One last thought: in case the number of actual guests at the event turns out to be less than the pre-event headcount, I’d want to want to make advanced arrangements regarding what would happen with the extra food so that it wouldn’t go to waste. Again, I don’t know how this circumstance is typically handled in Israel.

You have to make three assumptions.

1. I had to decide what to do about 100 guests. I assumed that the breaking point for 100 dollars a plate was 99. After 99, the break of 64 dollars a plate kicks in.

2. I wasn't sure what to do about several. I took it to mean 10. That meant that you would need 1 extra waiter and 640 dollars extra payment for over the top guests.

3. I assumed that if the guest list went so much as 1 over a zero number, another waiter was needed.

Let's see what happens with these assumptions.

The cost for 70 guests = 8800 dollars. It breaks down like this

70 guests = 7000

7 waiters = 700

10 extras = 1000

1 waiter = 100

Total = 8800.

100 guests = 6400

10 waiters = 1000

10 extras = 640

1 waiter = 100

Total = 8140

This is much much lower. Now you might want to consider what happens after 100. 101 for example, comes to 8304

Every other number will go up from there. I would say you have no control over what happens if the number goes much higher, but it is still better to pay for more plates then less.

Anything under 100 guests, pay for 100. Over 100, you have a problem.

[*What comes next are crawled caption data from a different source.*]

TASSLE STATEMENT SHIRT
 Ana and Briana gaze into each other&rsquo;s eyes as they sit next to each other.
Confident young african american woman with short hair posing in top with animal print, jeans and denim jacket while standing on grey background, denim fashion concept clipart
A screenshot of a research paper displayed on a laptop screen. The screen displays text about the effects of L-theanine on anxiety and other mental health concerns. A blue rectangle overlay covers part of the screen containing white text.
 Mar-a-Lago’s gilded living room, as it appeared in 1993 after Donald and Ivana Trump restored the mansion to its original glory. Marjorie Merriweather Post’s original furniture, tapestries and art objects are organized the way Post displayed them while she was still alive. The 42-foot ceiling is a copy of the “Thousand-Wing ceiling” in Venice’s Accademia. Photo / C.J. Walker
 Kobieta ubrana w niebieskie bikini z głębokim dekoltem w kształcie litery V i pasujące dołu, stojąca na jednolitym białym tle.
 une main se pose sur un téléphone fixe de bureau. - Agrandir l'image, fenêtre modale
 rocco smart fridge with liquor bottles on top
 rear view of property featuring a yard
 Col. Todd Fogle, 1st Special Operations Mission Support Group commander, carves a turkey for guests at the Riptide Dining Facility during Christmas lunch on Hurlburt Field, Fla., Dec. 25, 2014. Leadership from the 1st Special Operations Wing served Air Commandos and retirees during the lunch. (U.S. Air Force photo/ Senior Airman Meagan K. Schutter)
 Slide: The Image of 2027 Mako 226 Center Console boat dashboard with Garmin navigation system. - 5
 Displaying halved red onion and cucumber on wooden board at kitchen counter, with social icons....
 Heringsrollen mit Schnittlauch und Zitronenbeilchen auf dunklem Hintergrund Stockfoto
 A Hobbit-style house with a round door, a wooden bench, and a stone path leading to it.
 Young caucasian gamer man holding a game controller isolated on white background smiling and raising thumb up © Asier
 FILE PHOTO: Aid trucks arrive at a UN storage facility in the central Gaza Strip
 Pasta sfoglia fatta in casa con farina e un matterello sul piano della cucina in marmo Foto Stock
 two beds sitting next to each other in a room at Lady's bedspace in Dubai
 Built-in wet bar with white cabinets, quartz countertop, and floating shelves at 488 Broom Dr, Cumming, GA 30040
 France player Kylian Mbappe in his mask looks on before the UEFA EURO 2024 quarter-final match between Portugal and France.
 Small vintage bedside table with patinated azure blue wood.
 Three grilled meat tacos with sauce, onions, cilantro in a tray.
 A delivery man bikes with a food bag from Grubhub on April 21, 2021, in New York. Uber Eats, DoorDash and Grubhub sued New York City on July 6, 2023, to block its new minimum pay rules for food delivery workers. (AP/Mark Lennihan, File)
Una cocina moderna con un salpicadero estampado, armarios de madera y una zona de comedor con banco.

Sorry to make so many entries. I misread the givens.

Up to 78 people and retaining my assumptions, you are better off paying for the number of guests you think are coming plus 10 extrea.

After 78 but less than 100 you are much better off paying for 100. After 100, you have to go with the guess.

The method of calculation is the same as outlined in one of my previous answers.

I found it pretty amazing that one can pay less for more people. If I would reserve for 90 people, I will have to pay:

90 x $80 = $7,200

9 x $100 = $900

$8,100 total

However if I will reserve for 100, it will be:

100 x $63 = $6,300

10 x $100 = $1,000

$7,300 total

We ended up using the 100 number and to be honest I don't even know how many people showed up - somewhere very close to the 100. This, by the way, was considered to be a small party in Israel:)

Thank you - Tracy and Jerome for the thorough answers. I am surprised the others stay shy, probably the question was too long.